Temelli: "Her türlü siyasal hokkabazlığın sergilendiği süreci yaşıyoruz"
Temelli, Cumhurbaşkanlığı ve sisteminin meşruiyetinin tartışılması için gerekli dayanakların mevcut olduğunu kaydetti.
HDP eski Eş Başkanı Temelli, Türkiye'de topluma karşı her türlü siyasal hokkabazlıkla hukuk dışılığın sergilendiği bir süreci yaşandığını ifade etti. Temelli, Cumhurbaşkanlığı ve sisteminin meşruiyetinin tartışılması için gerekli dayanakların mevcut olduğunu kaydetti.
HDP Van Milletvekili Sezai Temelli, Türkiye’de topluma karşı her türlü siyasal hokkabazlıkla hukuk dışılığın sergilendiği bir süreci yaşandığını ifade etti.
Temelli, Twitter hesabından yaptığı açıklamada, bir anayasanızın olması sizin anayasal bir devlete sahip olduğunuz anlamına gelmeyeceğini belirterek, “AİHM Demirtaş kararı bizi bağlamaz diyen zihniyet aslında hukuka egemen kılınmış bir zorbalığı bir kez daha ifşa etti “dedi.
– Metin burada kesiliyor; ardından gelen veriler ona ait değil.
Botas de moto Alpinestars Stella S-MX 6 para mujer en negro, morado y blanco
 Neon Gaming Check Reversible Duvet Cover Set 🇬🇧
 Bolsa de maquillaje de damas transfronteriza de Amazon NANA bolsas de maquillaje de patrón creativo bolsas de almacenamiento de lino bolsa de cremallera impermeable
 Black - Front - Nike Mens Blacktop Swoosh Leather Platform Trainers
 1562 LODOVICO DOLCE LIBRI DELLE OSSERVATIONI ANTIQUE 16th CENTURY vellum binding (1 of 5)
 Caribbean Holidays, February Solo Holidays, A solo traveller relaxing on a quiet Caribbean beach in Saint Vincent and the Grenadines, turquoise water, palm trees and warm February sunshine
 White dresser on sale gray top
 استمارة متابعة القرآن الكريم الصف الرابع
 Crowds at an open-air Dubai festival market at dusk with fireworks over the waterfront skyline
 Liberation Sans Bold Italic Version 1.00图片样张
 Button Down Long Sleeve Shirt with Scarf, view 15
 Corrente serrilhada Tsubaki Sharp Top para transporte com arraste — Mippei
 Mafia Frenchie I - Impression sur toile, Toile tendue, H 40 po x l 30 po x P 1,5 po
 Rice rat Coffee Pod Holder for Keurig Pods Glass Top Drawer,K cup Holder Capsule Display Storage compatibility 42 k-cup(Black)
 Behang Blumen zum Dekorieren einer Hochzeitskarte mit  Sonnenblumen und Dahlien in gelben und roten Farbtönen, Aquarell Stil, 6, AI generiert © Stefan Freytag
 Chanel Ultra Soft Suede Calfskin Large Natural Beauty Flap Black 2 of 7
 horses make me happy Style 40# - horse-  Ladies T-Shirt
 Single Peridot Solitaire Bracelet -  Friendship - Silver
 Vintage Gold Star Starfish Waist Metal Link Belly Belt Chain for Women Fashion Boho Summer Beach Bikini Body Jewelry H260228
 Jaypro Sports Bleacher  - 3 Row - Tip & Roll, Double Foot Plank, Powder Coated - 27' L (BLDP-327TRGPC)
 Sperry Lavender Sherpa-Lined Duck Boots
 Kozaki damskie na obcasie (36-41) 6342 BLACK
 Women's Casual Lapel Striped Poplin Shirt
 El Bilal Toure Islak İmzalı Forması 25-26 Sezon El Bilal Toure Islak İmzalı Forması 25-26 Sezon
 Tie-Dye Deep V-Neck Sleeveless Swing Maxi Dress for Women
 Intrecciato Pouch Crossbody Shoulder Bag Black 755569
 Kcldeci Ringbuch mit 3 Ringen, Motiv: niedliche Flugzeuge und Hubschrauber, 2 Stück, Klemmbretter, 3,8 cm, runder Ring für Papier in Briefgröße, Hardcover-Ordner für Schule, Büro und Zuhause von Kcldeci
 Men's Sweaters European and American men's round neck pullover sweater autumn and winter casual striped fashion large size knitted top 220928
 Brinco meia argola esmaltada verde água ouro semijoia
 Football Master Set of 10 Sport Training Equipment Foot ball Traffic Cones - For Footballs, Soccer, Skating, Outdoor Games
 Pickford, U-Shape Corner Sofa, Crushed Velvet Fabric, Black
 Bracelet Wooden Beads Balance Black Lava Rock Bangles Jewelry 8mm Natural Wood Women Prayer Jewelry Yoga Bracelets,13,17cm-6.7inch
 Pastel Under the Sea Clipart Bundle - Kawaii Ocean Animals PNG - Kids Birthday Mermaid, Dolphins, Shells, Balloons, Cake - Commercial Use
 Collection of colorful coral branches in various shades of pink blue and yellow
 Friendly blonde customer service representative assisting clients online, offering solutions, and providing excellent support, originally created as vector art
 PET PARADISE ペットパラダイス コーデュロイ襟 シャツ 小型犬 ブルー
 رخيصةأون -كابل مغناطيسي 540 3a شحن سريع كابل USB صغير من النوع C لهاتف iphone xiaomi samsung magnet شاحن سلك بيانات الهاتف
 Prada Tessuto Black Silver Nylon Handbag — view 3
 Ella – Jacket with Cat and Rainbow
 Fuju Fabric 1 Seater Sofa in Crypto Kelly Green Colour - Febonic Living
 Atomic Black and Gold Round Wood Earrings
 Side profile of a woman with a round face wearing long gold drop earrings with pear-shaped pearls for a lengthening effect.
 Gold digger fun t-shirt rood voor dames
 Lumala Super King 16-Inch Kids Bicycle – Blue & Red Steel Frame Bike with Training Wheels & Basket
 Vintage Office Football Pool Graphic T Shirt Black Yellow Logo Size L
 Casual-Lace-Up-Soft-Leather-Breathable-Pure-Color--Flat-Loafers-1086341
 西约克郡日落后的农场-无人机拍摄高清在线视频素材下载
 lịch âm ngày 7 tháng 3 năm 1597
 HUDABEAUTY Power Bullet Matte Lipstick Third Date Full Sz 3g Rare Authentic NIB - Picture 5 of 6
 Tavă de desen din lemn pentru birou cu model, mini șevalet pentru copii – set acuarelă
Temelli, ekonomik ve siyasal krizin birlikte hareket ettiği dönemlerde ulus devletin otoriterleşme eğilimi hızla yükseleceğine işaret ederek, “Otoriterleşmeyle birlikte anayasal devlet egemen ilişkiler ve sermaye sınıfı adına siyasal kabuğunu hızla üstünden atarak ‘anayasalı devlet’ formuna bürünür.” değerlendirmesinde bulundu.
“Olağanüstü hâli sürekli kılan düzenlemelerin anayasallığı, devletin anayasalı ama toplumsal mutabakattan yoksun olduğunu bize gösteriyor.”diyen Temelli, açıklamasına şöyle devam etti: “Partili Cumhurbaşkanı ile örtülü kuvvetler birliğinin açık bir form haline gelmesi, tüm insan hakları ihlallerini güvenlik anlayışıyla olağanüstü yasalara tabi kılınması, sermaye birikiminin savaş ekonomisi ve ranta dayalı bir iktisadi düzenle sürdürülmesi olanaklı hale gelmiştir.”
İktidarın otoriter devletçiliğin sınırlarını genişletmeye devam ettiğini vurgulayan Temelli, paylaşımında şu ifadelere yer verdi: “Topluma karşı her türlü siyasal hokkabazlıkla hukuk dışılığın sergilendiği bir süreci yaşıyoruz. Çöktürme planının hukuk düzlemine yansıması istisna halini süreklileştirmiş, tecrit başta olmak üzere iktidarın muhalefete müdahalesinin en etkin aracı yargı olmuştur.
Önce yasaları, sonra anayasayı ve nihayetinde son #Demirtaş Kararı ile Avrupa İnsan Hakları Mahkemesi kararlarını da tanımayacak bir noktaya gelen iktidar, otoriter devletçiliğin sınırlarını genişletmeye devam ediyor.”